Tuesday, March 5, 2024

India emulating China’s ‘wolf warrior’ diplomacy with Canada, sans the warfare

New Delhi’s decision to ask Canada to reduce its number of diplomats in India by over 40 is the latest in the downward spiral of India-Canada relations. There is now a danger that India’s words and actions are going well past the point of serving its long-term interests.

Whatever the truth of the multiple allegations hurled at each other by India and Canada, the fact is that as the emerging power, an Asian one and a developing country still, the former cannot and must not lose sight of the fact that global institutional structures and narratives are still not entirely in its favour. In this global balance, India is still a distant third to the West comprising the US and its allies in pole position followed by China.

The US is a global power with global considerations to take into account and it has much deeper defence and intelligence ties in the Five Eyes arrangement which includes Canada than it does with India. It will naturally be less than fully enthusiastic in backing India even if many in this country now seem to count American support as a given in India’s global ambitions. This is the reality India faces, its foreign minister S. Jaishankar’s attempts to paint the picture otherwise notwithstanding.

Meanwhile, the Chinese appear to have given up the old Deng Xiaoping maxim of ‘hiding one’s capacities, biding one’s time’ if their words and actions in the last few years are any indication. China’s ‘wolf warrior’ diplomacy has been facing blowback from both the West and non-West and questions are now common about whether China underestimated the resistance it would face and/or overestimated its own abilities.

It will not do for India to follow the Chinese path when it does not have the diplomatic capacity – whether in numbers of diplomats or their skill sets (foreign languages or local knowledge, for example) – across large swathes of the globe like the Chinese do. It is foolish to get into a prolonged diplomatic spat with a major economy like Canada, if India does not have the means to sell its message across the globe and put the Canadians under pressure everywhere.
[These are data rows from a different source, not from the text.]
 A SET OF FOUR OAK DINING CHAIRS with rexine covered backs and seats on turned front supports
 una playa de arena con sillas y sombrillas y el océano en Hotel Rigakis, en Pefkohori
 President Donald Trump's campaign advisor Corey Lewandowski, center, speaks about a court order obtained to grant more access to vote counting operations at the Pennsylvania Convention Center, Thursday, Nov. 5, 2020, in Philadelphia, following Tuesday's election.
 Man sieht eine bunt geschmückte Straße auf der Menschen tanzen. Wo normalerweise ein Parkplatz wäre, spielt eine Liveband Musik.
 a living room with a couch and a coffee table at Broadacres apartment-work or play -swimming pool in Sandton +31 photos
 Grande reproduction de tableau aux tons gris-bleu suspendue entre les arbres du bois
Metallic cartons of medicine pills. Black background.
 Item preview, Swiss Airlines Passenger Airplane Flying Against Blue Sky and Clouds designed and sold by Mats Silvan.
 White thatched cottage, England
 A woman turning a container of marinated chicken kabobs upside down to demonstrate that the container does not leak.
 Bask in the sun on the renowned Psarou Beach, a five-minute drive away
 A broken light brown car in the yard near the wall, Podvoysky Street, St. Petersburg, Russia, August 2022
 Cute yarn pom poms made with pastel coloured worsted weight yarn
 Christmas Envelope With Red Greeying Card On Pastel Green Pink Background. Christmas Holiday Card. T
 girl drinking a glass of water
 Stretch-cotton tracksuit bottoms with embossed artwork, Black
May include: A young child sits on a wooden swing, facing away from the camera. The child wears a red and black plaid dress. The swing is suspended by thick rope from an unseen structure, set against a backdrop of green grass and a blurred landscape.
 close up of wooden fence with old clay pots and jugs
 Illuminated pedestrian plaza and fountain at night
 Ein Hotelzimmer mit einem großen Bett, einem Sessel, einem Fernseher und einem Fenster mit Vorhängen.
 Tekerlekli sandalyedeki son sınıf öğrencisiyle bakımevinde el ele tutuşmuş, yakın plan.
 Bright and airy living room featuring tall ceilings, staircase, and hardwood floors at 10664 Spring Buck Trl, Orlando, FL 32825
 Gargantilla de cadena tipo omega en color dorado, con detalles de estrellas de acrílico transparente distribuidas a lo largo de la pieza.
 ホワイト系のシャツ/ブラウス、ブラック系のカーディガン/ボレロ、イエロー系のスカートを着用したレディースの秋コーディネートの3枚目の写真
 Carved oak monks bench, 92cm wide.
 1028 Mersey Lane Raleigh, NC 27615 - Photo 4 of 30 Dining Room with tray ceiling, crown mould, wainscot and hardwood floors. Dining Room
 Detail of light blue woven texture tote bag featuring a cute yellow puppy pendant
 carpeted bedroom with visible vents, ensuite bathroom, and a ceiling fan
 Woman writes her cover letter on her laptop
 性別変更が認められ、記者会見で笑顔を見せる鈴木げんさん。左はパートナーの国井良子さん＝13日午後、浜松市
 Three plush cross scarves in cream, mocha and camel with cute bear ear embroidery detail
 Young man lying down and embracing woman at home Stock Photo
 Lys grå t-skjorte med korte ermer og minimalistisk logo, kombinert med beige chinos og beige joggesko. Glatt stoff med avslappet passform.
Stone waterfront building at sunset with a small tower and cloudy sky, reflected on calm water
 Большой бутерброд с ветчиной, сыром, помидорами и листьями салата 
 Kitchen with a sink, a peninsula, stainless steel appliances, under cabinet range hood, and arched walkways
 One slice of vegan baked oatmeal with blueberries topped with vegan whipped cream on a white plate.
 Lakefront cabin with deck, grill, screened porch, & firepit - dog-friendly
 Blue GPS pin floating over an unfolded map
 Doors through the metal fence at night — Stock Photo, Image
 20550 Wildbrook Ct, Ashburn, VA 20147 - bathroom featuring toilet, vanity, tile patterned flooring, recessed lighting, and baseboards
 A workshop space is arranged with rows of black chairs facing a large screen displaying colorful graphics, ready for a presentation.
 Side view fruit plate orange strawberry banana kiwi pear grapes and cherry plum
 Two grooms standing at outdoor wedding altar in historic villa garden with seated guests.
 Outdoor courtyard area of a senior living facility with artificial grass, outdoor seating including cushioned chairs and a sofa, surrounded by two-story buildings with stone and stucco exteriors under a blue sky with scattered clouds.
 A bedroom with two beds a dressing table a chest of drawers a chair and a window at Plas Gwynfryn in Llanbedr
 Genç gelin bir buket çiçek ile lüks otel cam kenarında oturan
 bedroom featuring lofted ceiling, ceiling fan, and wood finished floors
This is what the Chinese did when they launched their disinformation campaign against the US following the outbreak of the Covid pandemic when they claimed that the virus had originated in and leaked out of a US military facility. 

China had a global media reach through state-run television and radio and the use of multiple social media platforms as well as the ability to communicate in multiple languages across especially the developing world to do so. India has nothing of the sort – Doordarshan’s international channel is hardly visible, All India Radio has limited foreign language broadcasting and followers of Indian official media presence on platforms like X or Facebook are far fewer than those of their Chinese counterparts.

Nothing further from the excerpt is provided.